The gentle, light-hearted naturalist and recluse came down the long hillside with me, "to put me right" on the main road. I watched him as he retraced his steps up the steep, dark path, lantern in hand. His sixty years sat lightly upon him, and as he ascended I heard him singing. Long after the light melody had died away, I saw the serene little light bobbing up and down in his hand, disappearing and reappearing, as the lone philosopher repaired to his hut and his couch of content.


It must not be inferred that Mr. Burroughs has no money. As an author, he has given us such delightful books, dear to every lover of nature, as "Wake, Robin," "Winter Sunshine," "Locusts and Wild Honey," "Fresh Fields," "Indoor Studies," "Birds and Poets," "Pepacton," "Signs and Seasons," "Riverby," "Whitman," and "The Light of Day," published by Houghton, Mifflin & Company.

His writings produce goodly sums, while his vineyards and gardens produce as much as he needs; but the charm of it all is, he knows not the unrest of eagerly seeking it. His is one of the very infrequent instances in which a man knows when he has enough, and really and truthfully does not care for more. Nor is he a "hayseed" in the popular application of that expressive term. When he goes to the city, as he occasionally does (just to reassure himself that he prefers life in the country), he is not met at the station by gentlemen in loud checked suits; he carries no air of the rustic with him. As an Irish wit recently put it, "When in Paris, he does as the parasites do," and he conducts himself and clothes himself as a well regulated citizen should.

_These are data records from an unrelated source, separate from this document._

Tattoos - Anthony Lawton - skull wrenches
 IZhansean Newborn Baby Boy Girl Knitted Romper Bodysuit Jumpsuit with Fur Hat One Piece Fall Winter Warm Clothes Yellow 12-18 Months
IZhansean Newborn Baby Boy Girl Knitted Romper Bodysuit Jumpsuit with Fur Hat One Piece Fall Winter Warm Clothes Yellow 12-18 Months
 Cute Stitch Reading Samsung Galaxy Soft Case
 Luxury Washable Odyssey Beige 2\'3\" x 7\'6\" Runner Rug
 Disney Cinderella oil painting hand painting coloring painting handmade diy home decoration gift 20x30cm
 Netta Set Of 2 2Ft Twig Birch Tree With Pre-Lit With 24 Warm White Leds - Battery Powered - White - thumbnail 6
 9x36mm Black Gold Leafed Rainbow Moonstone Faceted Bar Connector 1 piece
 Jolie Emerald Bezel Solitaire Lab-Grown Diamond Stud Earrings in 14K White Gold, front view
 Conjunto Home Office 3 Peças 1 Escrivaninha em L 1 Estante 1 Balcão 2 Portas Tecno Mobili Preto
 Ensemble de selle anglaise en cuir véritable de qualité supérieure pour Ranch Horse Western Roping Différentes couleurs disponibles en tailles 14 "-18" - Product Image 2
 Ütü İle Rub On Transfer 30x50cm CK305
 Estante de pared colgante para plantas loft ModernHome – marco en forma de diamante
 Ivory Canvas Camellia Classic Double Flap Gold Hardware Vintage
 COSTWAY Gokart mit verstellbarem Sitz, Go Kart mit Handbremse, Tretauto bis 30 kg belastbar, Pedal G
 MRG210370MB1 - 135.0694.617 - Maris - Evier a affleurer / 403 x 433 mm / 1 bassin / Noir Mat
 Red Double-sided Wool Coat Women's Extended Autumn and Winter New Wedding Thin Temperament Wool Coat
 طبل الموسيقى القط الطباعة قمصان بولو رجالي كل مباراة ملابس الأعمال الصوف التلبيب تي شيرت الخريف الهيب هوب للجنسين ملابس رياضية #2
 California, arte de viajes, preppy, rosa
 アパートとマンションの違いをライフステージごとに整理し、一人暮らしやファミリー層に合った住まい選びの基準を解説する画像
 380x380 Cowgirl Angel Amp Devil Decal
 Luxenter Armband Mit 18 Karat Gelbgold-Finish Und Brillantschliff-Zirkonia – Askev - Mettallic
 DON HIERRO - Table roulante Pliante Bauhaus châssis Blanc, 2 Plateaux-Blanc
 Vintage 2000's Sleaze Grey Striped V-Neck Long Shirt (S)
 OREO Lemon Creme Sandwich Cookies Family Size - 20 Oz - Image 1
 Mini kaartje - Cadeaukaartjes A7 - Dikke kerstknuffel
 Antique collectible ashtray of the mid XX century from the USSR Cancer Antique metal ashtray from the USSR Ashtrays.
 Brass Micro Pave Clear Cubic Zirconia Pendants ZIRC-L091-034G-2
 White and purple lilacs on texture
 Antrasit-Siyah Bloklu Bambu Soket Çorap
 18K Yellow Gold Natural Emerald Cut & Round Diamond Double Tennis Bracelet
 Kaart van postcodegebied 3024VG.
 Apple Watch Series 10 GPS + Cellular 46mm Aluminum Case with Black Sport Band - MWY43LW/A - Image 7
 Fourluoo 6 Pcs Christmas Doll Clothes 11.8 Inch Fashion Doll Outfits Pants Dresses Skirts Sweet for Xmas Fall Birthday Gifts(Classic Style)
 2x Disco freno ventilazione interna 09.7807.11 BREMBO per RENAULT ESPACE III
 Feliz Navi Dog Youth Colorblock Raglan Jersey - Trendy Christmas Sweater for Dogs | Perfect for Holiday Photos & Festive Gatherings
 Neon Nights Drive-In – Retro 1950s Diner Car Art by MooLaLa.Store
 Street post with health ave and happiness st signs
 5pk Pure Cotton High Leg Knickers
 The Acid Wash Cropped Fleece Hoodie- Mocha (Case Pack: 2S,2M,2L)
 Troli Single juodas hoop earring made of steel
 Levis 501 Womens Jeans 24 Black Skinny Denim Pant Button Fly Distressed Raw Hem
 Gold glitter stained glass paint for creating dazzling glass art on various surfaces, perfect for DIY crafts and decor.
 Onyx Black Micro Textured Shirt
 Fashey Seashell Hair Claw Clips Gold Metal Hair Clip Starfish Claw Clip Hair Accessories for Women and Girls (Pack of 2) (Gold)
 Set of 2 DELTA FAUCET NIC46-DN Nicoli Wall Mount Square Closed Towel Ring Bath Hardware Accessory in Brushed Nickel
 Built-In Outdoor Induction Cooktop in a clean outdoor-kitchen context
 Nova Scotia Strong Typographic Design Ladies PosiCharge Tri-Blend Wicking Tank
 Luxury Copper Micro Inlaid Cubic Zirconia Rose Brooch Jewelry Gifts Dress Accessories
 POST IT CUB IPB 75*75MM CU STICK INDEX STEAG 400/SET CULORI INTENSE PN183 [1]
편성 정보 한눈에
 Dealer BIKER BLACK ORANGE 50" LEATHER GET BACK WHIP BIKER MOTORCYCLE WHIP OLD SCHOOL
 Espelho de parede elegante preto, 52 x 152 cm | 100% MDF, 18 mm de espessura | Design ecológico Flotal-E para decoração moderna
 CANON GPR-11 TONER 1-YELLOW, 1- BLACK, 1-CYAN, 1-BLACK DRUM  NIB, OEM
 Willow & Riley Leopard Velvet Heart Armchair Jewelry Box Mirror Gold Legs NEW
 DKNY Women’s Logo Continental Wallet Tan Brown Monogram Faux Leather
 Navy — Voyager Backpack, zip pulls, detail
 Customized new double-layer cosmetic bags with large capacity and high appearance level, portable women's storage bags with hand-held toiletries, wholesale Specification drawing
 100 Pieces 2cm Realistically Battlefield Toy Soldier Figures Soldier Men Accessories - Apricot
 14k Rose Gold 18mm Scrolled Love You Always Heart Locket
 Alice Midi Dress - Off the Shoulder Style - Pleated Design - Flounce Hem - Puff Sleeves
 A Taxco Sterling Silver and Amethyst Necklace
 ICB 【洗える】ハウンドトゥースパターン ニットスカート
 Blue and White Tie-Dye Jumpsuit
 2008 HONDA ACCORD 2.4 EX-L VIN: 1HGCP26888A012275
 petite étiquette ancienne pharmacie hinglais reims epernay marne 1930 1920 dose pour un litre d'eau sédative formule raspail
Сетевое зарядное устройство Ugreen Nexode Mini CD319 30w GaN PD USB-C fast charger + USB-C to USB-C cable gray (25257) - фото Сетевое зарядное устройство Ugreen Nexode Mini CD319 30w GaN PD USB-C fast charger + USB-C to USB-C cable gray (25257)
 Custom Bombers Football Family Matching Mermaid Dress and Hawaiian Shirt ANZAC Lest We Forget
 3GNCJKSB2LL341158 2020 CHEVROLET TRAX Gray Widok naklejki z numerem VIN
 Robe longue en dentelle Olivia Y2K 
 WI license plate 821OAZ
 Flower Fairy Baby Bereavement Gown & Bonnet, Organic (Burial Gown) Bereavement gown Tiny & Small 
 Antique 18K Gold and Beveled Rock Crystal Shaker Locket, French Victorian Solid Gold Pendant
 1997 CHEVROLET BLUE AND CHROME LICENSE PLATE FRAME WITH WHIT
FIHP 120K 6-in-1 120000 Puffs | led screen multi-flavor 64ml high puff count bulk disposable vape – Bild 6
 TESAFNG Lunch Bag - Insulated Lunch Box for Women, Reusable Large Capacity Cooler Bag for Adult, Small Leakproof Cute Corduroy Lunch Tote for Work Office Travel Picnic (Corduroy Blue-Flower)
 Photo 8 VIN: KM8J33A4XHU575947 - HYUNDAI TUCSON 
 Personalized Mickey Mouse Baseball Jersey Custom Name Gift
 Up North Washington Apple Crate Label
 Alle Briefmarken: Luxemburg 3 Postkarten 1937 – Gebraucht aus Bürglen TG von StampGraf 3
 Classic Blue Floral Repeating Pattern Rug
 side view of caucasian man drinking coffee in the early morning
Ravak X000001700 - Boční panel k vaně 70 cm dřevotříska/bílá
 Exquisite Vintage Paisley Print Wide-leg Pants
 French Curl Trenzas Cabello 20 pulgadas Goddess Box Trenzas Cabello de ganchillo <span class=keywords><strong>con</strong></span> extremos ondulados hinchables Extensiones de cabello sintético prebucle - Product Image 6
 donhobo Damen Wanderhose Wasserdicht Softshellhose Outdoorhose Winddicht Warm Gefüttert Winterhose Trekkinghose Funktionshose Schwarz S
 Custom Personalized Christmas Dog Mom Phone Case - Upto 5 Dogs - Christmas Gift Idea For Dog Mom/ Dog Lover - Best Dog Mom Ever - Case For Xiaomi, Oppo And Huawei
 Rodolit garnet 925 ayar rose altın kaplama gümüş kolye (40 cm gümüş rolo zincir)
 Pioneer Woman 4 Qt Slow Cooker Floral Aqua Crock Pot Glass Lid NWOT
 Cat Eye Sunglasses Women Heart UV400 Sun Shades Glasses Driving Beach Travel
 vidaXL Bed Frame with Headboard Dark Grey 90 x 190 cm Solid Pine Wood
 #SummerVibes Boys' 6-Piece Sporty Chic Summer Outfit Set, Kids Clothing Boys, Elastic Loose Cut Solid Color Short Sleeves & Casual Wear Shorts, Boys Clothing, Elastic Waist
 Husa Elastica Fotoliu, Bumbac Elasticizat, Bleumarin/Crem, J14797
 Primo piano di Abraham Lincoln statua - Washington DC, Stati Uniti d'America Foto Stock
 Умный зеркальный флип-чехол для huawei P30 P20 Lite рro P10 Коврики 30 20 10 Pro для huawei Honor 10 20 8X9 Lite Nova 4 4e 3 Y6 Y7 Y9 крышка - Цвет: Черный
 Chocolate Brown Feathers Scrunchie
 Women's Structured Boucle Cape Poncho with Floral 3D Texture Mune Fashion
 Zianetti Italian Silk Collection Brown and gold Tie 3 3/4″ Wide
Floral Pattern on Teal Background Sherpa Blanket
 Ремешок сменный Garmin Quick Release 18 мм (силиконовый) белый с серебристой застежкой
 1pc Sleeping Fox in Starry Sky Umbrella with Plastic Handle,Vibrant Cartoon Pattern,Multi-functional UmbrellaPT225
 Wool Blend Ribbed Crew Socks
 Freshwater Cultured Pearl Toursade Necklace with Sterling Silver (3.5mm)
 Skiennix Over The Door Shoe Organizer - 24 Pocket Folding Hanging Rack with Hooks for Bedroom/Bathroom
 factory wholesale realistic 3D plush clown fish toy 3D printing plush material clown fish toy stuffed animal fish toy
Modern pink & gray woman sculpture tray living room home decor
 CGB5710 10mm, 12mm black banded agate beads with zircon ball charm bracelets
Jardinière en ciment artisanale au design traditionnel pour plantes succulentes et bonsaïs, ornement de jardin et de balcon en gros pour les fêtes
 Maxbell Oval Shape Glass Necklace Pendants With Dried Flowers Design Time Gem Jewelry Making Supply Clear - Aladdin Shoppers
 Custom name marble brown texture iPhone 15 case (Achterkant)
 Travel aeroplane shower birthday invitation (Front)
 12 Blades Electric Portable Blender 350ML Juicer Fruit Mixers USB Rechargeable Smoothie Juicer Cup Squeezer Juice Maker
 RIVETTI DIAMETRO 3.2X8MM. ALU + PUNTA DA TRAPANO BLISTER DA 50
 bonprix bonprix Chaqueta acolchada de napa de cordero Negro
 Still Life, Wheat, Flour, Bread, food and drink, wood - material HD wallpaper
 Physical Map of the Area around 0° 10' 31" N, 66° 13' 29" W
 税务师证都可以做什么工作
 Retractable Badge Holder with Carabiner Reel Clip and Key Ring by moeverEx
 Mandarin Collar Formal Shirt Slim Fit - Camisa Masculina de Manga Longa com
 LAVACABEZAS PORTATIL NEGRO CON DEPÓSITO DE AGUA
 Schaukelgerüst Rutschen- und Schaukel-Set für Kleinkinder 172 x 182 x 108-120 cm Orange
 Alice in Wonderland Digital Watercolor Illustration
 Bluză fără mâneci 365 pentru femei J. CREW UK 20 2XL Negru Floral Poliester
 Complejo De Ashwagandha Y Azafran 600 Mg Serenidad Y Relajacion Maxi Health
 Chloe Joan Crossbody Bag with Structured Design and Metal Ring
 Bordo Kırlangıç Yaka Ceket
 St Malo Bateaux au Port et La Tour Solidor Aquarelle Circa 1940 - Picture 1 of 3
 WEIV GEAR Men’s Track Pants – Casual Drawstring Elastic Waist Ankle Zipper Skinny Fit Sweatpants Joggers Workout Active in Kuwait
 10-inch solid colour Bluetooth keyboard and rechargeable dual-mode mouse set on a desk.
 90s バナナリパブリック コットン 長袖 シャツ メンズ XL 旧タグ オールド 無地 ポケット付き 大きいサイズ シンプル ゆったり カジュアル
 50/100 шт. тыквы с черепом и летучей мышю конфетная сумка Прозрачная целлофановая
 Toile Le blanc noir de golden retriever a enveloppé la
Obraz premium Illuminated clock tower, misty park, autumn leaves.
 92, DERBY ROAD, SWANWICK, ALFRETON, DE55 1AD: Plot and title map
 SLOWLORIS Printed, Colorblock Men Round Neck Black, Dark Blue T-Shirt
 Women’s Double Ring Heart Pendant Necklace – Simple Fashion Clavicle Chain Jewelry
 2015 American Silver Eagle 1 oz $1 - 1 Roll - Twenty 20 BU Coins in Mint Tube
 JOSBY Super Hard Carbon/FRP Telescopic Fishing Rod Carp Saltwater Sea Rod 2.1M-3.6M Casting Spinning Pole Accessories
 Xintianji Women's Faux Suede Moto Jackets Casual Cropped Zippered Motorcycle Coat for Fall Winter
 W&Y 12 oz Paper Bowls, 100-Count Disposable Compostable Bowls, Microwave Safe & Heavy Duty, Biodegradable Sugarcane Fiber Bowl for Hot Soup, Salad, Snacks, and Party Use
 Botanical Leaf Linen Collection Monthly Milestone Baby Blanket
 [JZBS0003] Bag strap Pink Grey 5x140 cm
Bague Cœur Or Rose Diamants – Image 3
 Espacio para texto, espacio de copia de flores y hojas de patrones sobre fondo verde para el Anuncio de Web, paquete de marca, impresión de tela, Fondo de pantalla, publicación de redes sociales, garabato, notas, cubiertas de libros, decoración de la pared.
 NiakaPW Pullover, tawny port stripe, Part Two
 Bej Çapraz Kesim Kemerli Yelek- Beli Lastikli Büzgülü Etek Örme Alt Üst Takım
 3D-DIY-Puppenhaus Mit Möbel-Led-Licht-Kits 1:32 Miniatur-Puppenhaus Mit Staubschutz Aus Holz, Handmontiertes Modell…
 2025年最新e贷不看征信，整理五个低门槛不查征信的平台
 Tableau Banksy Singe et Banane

So John Burroughs is rich, not in money, but in thought, in simplicity, in the knowledge that he is making the best of life. He has found out that money is not everything, that all the money in the world will not buy a light heart, or a good name, —that there is a place for every one, and in that place alone can a man be of service to himself or others, —that there alone can he be successful; there only can he be "rich without money!"